Le contraste est saisissant entre l’absurdité de ces transports, les conditions désastreuses de leur réalisation et les initiatives qui émergent un peu partout en Europe pour remettre en œuvre les pratiques d’abattage au pré ou à la ferme. Dans le département français de la Côte-d’Or, l’éleveuse Emilie Jeannin travaille depuis 2016 à la mise en place d’une marque, le Bœuf éthique, qui garantit l’abattage au pré dans un abattoir mobile. Il s’agit d’un camion qui se déplace d’élevage en élevage avec tout le matériel nécessaire pour procéder à l’abattage des bovins au plus près de l’endroit où ils ont vécu. En Suisse, l’organisation de l’agriculture biologique Bio Suisse œuvre à l’obtention d’autorisation pour l’abattage à la ferme ou au pré. C’est qu’avec le processus d’industrialisation de l’agriculture le mode traditionnel de mise à mort du bétail à la ferme a été interdit. Il n’existait donc plus ni normes sanitaires, ni outillage, ni savoir-faire pour procéder de la façon la plus simple et occasionnant le moins de souffrance hors celle de la mort elle-même.

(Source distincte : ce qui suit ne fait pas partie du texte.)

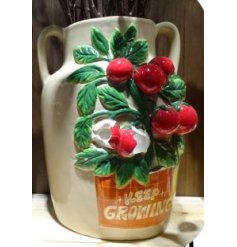 Add a vibrant splash of color to your home with this tomato vase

On peut se réjouir de voir émerger des alternatives à la mise à mort industrielle et au transport de bétail. Mais les investissements consentis pour ces nouvelles filières sont considérables: le camion abattoir du Bœuf éthique représente un coût de l’ordre de 1,5 million d’euros. L’autorisation suisse de l’abattage à la ferme ou au pré a nécessité dix ans de travail préparatoire sous l’égide de l’Institut de recherche de l’agriculture biologique FiBL. Pendant ce temps, les armateurs sans scrupule gagnent des sommes considérables sur l’export à bas prix de bétail à travers la Méditerranée et ils n’ont pas besoin de dix ans d’études agronomiques préalables pour justifier leurs pratiques auprès de services vétérinaires tatillons. L’industrialisation de l’agriculture, c’est aussi cette réalité-là: un cadre normatif au service du profit économique de l’industrie. Le coût de la mise en place de normes alternatives est souvent une barrière ­infranchissable.